Let us see in more detail what happens if we concatenate two lists. Appending a list ys to a list xs, requires linear time in the length of xs. The append function can be implemented in Racket as follows:

racket

(define (my-append xs ys)
  (if (null? xs)
      ys
      (cons (car xs) (my-append (cdr xs) ys))))

If xs is empty, there is nothing to do. The result is ys. Otherwise, we append recursively ys to (cdr xs) and prepend (car xs) to the result of the recursive call. The function my-append above is not tail recursive. I chose this version because it is conceptually simple and better for further explanation. If you wonder how to implement append as a tail-recursive function, you can check it below:

racket

(define (my-append-tailrec xs ys)
  (define (iter l acc)
    (if (null? l)
        acc
        (iter (cdr l) (cons (car l) acc))))
  (iter (reverse xs) ys))

Now return to the first implementation of my-append. To practice pattern matching, let me reimplement it via match:

racket

(define (my-append xs ys)
  (match xs
    [(list) ys]
    [(list x us ...) (cons x (my-append us ys))]))

Suppose we append a list ys to a list xs and name the resulting list zs:

racket

(define zs (my-append xs ys))

What happens is that xs is recursively decomposed and copied so that its copied version is connected to ys. The situation is depicted below on three-element lists '(1 2 3) and '(4 5 6).

Both original lists xs and ys are persistent, i.e., none is destroyed. Moreover, ys shares its members with the resulting list zs. This contrasts with the imperative setting where appending might be destructive. Updating the second component of the last pair in xs so that it points to ys, destroys the original xs as we do not know where it ends.

An analogous situation occurs if we need to modify an element at a given position in a list. It requires linear time $O (n)$ because we must copy all the list members before the modified element.

racket

(define (my-list-set lst pos val)
  (match (cons lst pos)
    [(cons (list) _) (error "Incorrect index")]
    [(cons (list _ xs ...) 0) (cons val xs)]
    [(cons (list x xs ...) i) (cons x (my-list-set xs (- i 1) val))]))

 (my-list-set (range 10) 4 'a) => '(0 1 2 3 a 5 6 7 8 9)

Note in the above code that we need to match against the given list and position. Thus we make a pair from the list and position and match the pair (Line 2). Modifying the empty list leads to an error (Line 3). If the $0$ -th element should be modified, we cons it to the remaining elements xs (Line 4). Otherwise, x is copied and consed to the result of the recursive call (Line 5).

Queues

Queues are common data structures representing a buffer. It stores data in the order they are coming in and releases the first-coming elements first. A queue is usually endowed with two operations: enqueue and dequeue. The first adds new-coming data to the back of the queue. The second removes the data stored in the front.
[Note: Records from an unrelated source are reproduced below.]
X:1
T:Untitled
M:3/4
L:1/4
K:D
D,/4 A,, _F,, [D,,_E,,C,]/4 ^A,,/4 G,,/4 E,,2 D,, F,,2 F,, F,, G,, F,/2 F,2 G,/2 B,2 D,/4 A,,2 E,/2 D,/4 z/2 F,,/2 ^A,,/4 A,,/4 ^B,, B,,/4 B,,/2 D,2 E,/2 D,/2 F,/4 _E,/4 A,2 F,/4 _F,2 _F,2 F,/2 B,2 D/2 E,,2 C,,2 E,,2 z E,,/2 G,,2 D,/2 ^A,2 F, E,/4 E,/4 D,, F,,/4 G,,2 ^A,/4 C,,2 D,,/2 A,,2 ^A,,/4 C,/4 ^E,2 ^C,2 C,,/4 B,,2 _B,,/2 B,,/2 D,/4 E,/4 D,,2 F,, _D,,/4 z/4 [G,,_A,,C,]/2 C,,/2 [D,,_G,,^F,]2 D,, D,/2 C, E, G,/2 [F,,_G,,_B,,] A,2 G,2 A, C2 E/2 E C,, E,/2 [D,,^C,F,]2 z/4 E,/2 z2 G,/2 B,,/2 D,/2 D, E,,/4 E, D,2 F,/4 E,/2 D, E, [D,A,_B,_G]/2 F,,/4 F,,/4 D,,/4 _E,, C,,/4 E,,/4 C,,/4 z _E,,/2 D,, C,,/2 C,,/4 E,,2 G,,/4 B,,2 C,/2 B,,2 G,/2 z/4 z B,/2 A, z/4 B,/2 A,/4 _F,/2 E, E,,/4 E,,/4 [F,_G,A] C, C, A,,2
Following the tradition of functional programming, I will call enqueue and dequeue, respectively, snoc and tail. snoc is cons spelled backward, so its name should express that it adds an element to the back of the queue. Apart from snoc and tail, I also implement the function head reading the first element of the queue.

The question is how to implement queues in a purely functional language. A naive solution would use just lists as follows:

racket

(define naive-head car)
(define naive-tail cdr)
(define (naive-snoc x q) (append q (list x)))

Note that naive-snoc applies the function append, which requires time $O (n)$ . Consequently, this implementation is inefficient. How can we improve snoc in the purely functional setting if we cannot modify the pair holding the last element of the queue? The idea is simple. We will represent a queue via two lists: the front list and the rear list.

We strip off the first element from the front list to dequeue an element. It can be done in constant time $O (1)$ . Analogously, to enqueue an element, we prepend it to the rear list. This can be done in $O (1)$ as well. Obviously, the members of the rear list are ordered reversely. The only issue is transferring data from the rear list to the front one. The simplest variant maintains an invariant that the front list is always non-empty unless the whole queue is empty. This means that once we dequeue all data from the front list, we make a new front list from the reversed rear list. The reversing operation needs linear time $O (n)$ . Thus the worst-case time complexity for dequeuing is $O (n)$ . However, the amortized time complexity is $O (1)$ . The amortized time complexity means how the algorithm behaves on average. Even though dequeuing could sometimes take linear time $O (n)$ , there must be sufficiently many dequeuing steps working in constant time $O (1)$ . These fast steps compensate for the expensive reverse operation.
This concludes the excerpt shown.